Obok dotacji na inwestycje, wiele firm skorzystało także z programów doradczych, w ramach których najwięcej środków przyznano na usługi związane z wdrożeniem systemów zarządzania jakością i różnego rodzaju informatycznych systemów wspomagających zarządzaniem oraz poprawą bezpieczeństwa pracy.

Kapitał ludzki

Zarówno z punktu widzenia polskiego pracodawcy, jak i pracobiorcy, bardzo ważna jest także przyznana Polsce na lata 2007-13 pomoc finansowa w ramach PO Kapitał Ludzki (blisko 11,5 mld euro). Pieniądze te pójdą na wsparcie zatrudnienia, edukacji, integracji społecznej oraz na rozwój potencjału adaptacyjnego pracowników i przedsiębiorstw, w tym także na rozwój zasobów pracy na terenach wiejskich oraz budowę sprawnej i skutecznej administracji publicznej.

Z PO KL będą mogły korzystać m.in. instytucje rynku pracy, instytucje szkoleniowe, jednostki administracji rządowej i samorządowej, przedsiębiorcy, instytucje otoczenia biznesu, organizacje pozarządowe, instytucje systemu oświaty i szkolnictwa wyższego.

Jest jednak jedno "ale" - przedsiębiorcy niezbyt chętnie korzystają z tego typu pomocy. Już teraz, dzięki środkom z Europejskiego Funduszu Społecznego, mogą sfinansować szkolenia dla własnych pracowników. Jest to szczególnie istotne w przypadku małych i średnich firm.
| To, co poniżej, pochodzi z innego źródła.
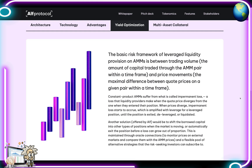The maximal difference between quote prices on a given pair within a time frame is a key factor. Constant product AMMs suffer from what is called impermanent loss — a loss that liquidity providers incur when the quote price diverges from their entry price. As prices diverge, impermanent loss accrues and is amplified with leverage until the position is exited, de-leveraged, or liquidated. A solution offered by ALPH is to shift borrowed capital into other position types when the market is moving, or automatically exit before losses grow out of proportion, maintained through oracle connections to monitor external market prices versus AMM prices.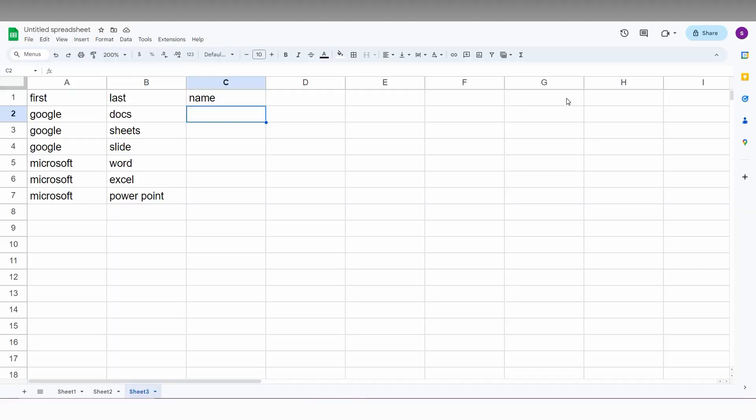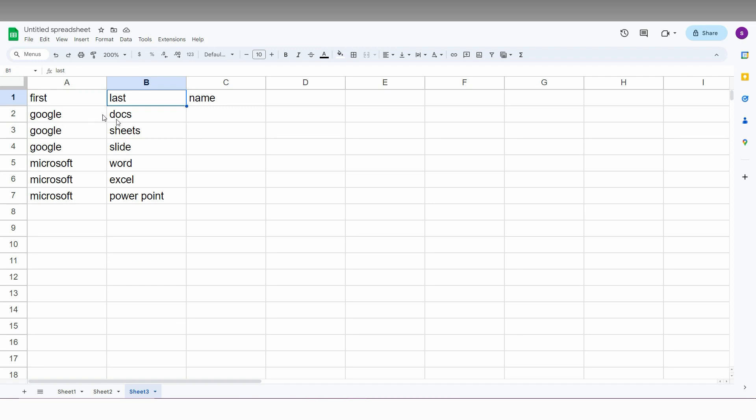So how do we combine cell content from two different columns? For example, this is the first name and this is the last name. Google is the first name and Docs is the last name. I need the name here as Google Docs. Instead of typing everything, you can use a formula.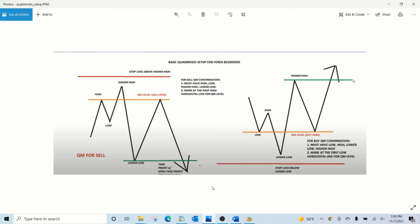Quasimodo buy and sell zones have become a popular method used by many professional traders. As shown in the diagram there are two distinct patterns to look for.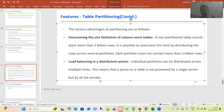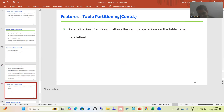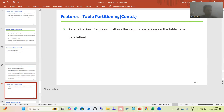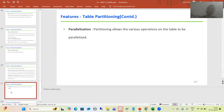The third advantage is parallelization. Partitioning allows various operations on the table to be parallelized. Because we have multiple partitions, we can go for multiple parallel operations simultaneously on the table.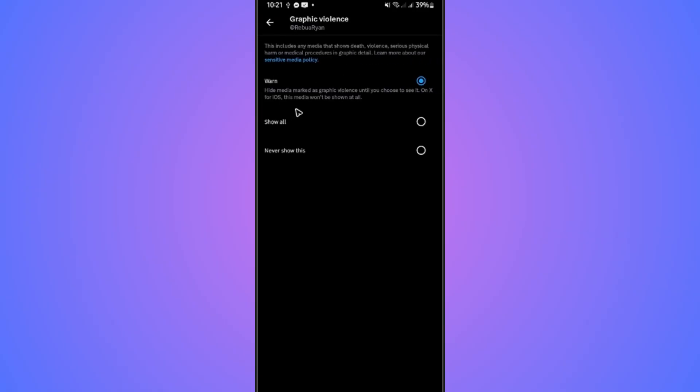In here, as you can see, we have three options: show all or never show this. If you want to turn sensitive content on your X totally off, go ahead and tap on never show this.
Niestety, w latach 2004-06 zaledwie 7 procent firm starało się o uzyskanie takich środków. Dość często barierą była skomplikowana procedura składania wniosków, ale nie bez znaczenia był problem mentalny - w wielu firmach nie traktowano pracownika jak zasób, w który należy inwestować.

- Niskie wykorzystanie środków unijnych na szkolenia wynika przede wszystkim z czasochłonności oraz dużej zawiłości związanej z procedurą składania wniosków - twierdzi Magdalena Guzik, specjalista ds. projektów unijnych w Incenti SA, firmie szkoleniowej, która rozpoczęła od stycznia 2007 r. realizację ogólnopolskiego projektu szkoleń e-learningowych dla pracowników publicznych i niepublicznych instytucji rynku pracy, współfinansowanego ze środków Europejskiego Funduszu Społecznego.

Na kogo mogą liczyć przedsiębiorcy?

Minister rozwoju regionalnego Grażyna Gęsicka podkreśla, że zarządzanie programami regionalnymi będzie należało do samorządów województw. A że w większości regionów nie przewiduje się utworzenia instytucji pośredniczących, za całość zadań związanych z zarządzaniem odpowiadać będą odpowiednie komórki w urzędach marszałkowskich. Przy tym dziewięć województw planuje zaangażować w realizację wsparcia przedsiębiorstw instytucje spoza sektora finansów publicznych. Instytucje te zostaną wybrane w przetargach.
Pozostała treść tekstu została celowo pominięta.